Boone lets the silence stretch.
“And I am real good at makin’ men think about stayin’ down.”
He rolls his shoulders once.
“I’m forty-one years old. I ain’t supposed to be here, right? That’s what people like sayin’. Boone Carter’s too old. Boone Carter’s from another time. Boone Carter’s body got too much mileage. Boone Carter survived too many wars and now all that’s left is whatever pieces he dragged home.”
His expression does not change.
“Maybe.”
A beat.
“But those pieces are still heavier than most men whole.”
He taps the belt again.
“And this championship? This championship is gonna find that out too.”
Boone slowly turns, showing the empty ring around him.
“This ain’t gonna be a belt for pretty wrestlers lookin’ to prove they can get ugly for one night. This ain’t gonna be a belt for stuntmen lookin’ for applause. This ain’t gonna be a belt for boys who think ultraviolence started when they learned how to spell it.”
He faces the camera again.
“This belt is for men who understand consequence.”
He lifts his chin.
“Men who can hurt.”
His eyes narrow.
“Men who can be hurt.”
A pause.
“And men who still walk forward when they know both things are true.”
Boone takes the title off his shoulder again and holds it in both hands.
“Parental Advisory used to mean somethin’.”
He looks at the faceplate.
“I’m gonna make it mean somethin’ again.”
Then he looks up.
“Not by talkin’ about how violent I am.”
The belt drops back against his shoulder.

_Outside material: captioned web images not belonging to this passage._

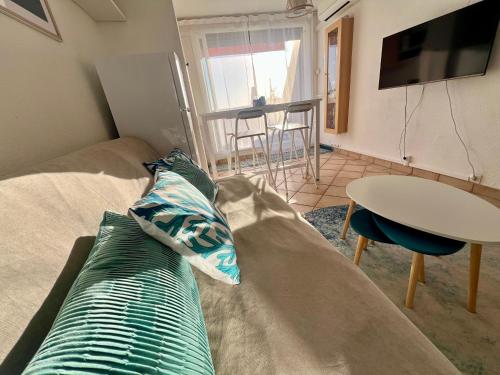 a living room with a couch and a table at Sea Chic - Naturist in Cap d'Agde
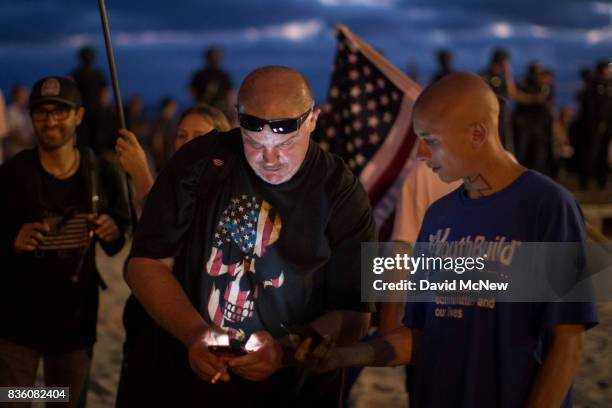 Conservative demonstrators rally at an 'America First' demonstration on August 20, 2017 in Laguna Beach, California. Organizers of the rally describe...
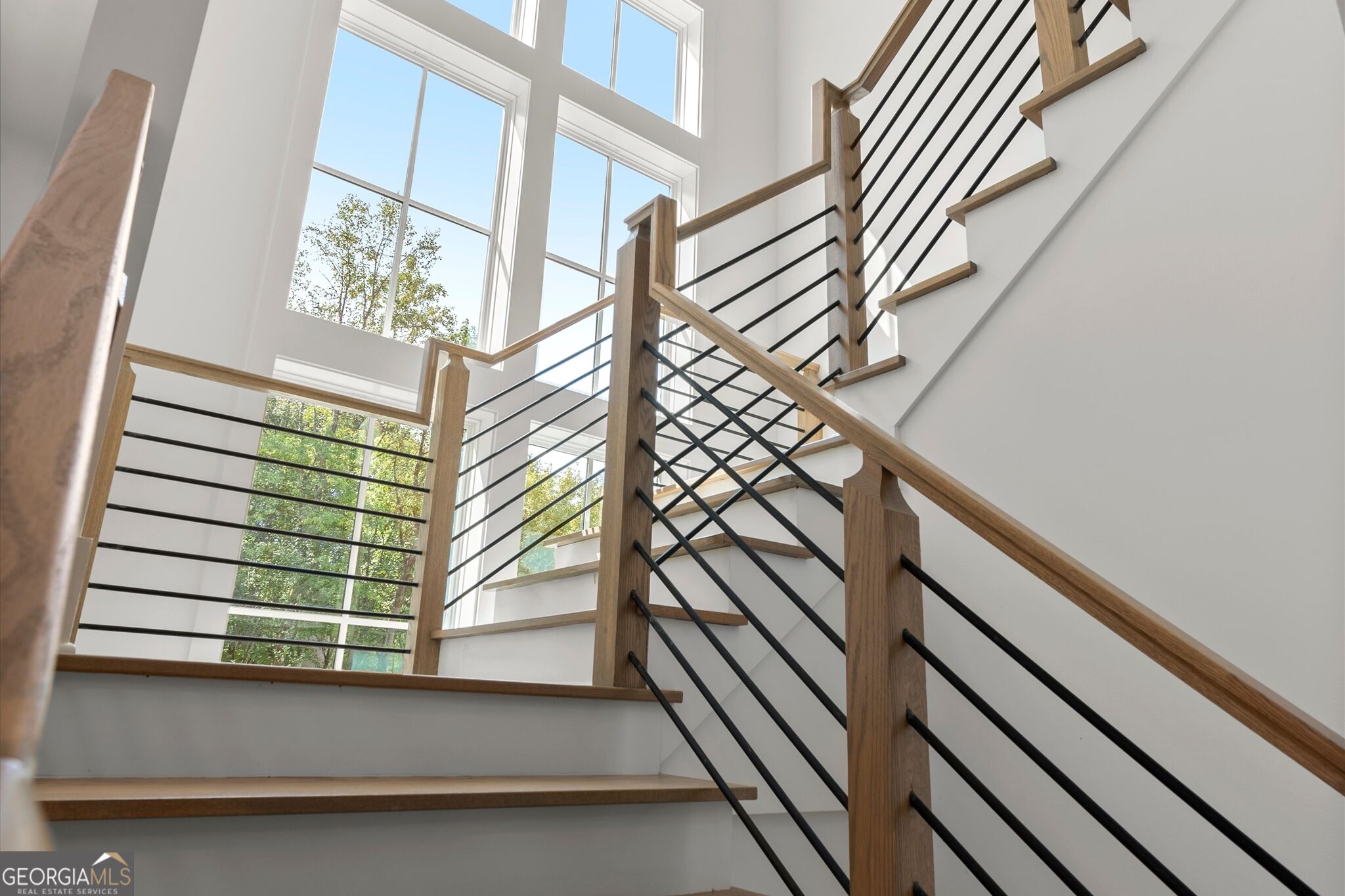 Interior staircase with wood and black metal railings beside tall windows.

“By punishin’ every man who tries me.”
He steps toward the ropes, still not touching them.
“So here it is. Texas Death. Japanese Deathmatch. Barbed wire. Tacks. Chairs. Tables. Chains. Fire. Whatever old evil AWS wants to drag out from under the floorboards.”
He pauses.
“Bring it.”
Boone’s voice gets colder.
“Any man who wants this belt from my shoulder is gonna have to walk through hell to get it.”
He looks down once more at the championship.
“And if he makes it through…”
Boone looks back up.
“I’ll be standin’ on the other side.”
A final beat.
“Waitin’.”
The camera holds on Boone Carter, the Parental Advisory Championship resting against his shoulder, before the feed cuts to black.